Sonia : Un homme qui t'a fait un enfant il y a 23 ans ne t'a pas reconnue ?

Céline : Il n'a jamais su que je portais son enfant. Ca s'est passé très vite.

Sonia : Oui, maman, on sait comment ça se passe.

Céline : Je ne vous ai pas tout dit.

Sonia : Ah, il y a encore autre chose…

Estelle : Je suis la fille de qui ?

Céline : Estelle ! Tu n'as pas le droit de me mépriser.

Estelle : Excuse-moi. Mais le choc est un peu rude. Allez, dis-nous tout.

Céline : Eh bien, Tristan et moi…

Sonia : Il s'appelle Tristan ?

Estelle : Bien jugé !

Céline : Tristan et moi avons retrouvé notre intimité.

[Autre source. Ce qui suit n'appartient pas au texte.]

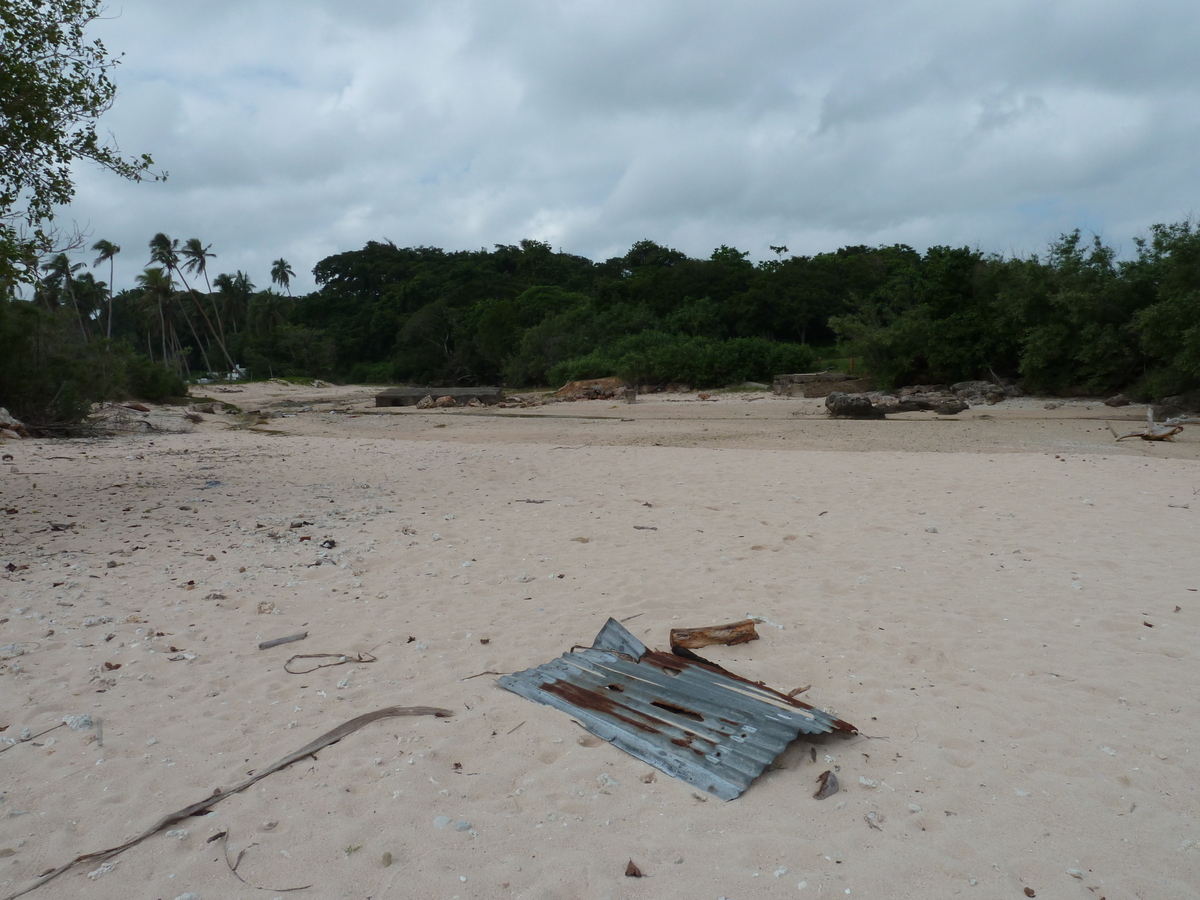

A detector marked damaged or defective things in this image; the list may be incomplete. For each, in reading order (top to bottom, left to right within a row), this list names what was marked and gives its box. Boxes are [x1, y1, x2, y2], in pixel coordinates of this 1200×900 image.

rusted corrugated metal sheet [496, 620, 852, 800] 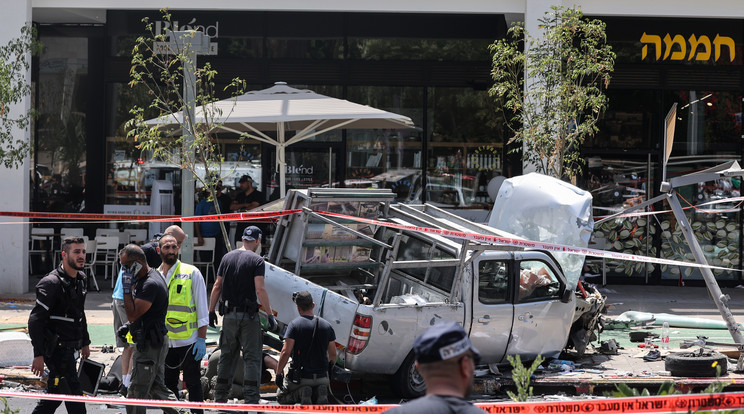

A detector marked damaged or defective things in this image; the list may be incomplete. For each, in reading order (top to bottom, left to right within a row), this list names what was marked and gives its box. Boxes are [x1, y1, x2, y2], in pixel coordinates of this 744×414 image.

damaged white pickup truck [262, 176, 604, 396]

Sonia : Qu'est-ce que je dois comprendre ? Qu'il ne t'a même pas reconnue, mais que tu as quand même couché avec lui.

Céline : Mais je l'aime toujours !

Sonia : 23 ans ! Tu as les convalescences un peu longues. Et lui, il t'aime ?

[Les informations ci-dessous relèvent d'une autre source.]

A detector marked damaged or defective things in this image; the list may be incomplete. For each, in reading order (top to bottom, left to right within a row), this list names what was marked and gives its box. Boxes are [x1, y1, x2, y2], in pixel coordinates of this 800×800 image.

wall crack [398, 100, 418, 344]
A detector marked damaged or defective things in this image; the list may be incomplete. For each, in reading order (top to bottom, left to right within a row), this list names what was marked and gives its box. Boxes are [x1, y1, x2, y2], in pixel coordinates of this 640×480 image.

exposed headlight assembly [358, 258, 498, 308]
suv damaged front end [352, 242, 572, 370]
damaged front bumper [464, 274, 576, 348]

Céline : Je l'ai cru. Mais il m'a trahie. Pourtant, je t'assure, Sonia, ton père n'est pas un méchant homme, mais il est incapable de s'attacher. C'est un grand voyageur.

Sonia : Oui, c'est plus facile.

Céline : Ne le juge pas sans le connaître. Il n'a pas fait exprès de me rendre malheureuse.

Sonia : Parce que tu es encore malheureuse à cause de lui ? C'est dingue.

Céline : C'est comme ça. Mais assez parlé de moi. Dites-moi où vous en êtes, ce que vous faites. Etes-vous amoureuses ?

Sonia : Eh bien justement, figure-toi qu'Estelle…

Estelle : Estelle rien du tout. Il ne se passe rien dans la vie d'Estelle. Sonia, fous-moi la paix une bonne fois ! Occupe-toi de ton père !

Sonia : Tu parles ! Un père qui tombe du ciel… ou qui ressort de l'enfer. Je vous aime bien, même toi, ma demi-sœur. Mais pour l'instant, laissez-moi tranquille.

Estelle : Bon, on te laisse. Tu viens, maman ?

Sonia : Maman ! Juste une seconde. J'ai oublié mon portable et j'ai un coup de fil urgent à donner. Tu peux me prêter le tien ?

Céline : Tiens, mais tu me le rapportes rapidement. (Elle sort.)Sonia (après quelques manipulations sur le téléphone) : Tristan ! Je savais bien ! (Au téléphone) Bonjour, vous êtes Tristan ?... Je m'appelle Sonia, vous ne me connaissez pas, mais j'ai très envie de vous rencontrer… Je préfère garder un peu de mystère… Le Calamite, vous connaissez ? … Demain 16 heures, ça vous irait ?... Parfait. A très bientôt.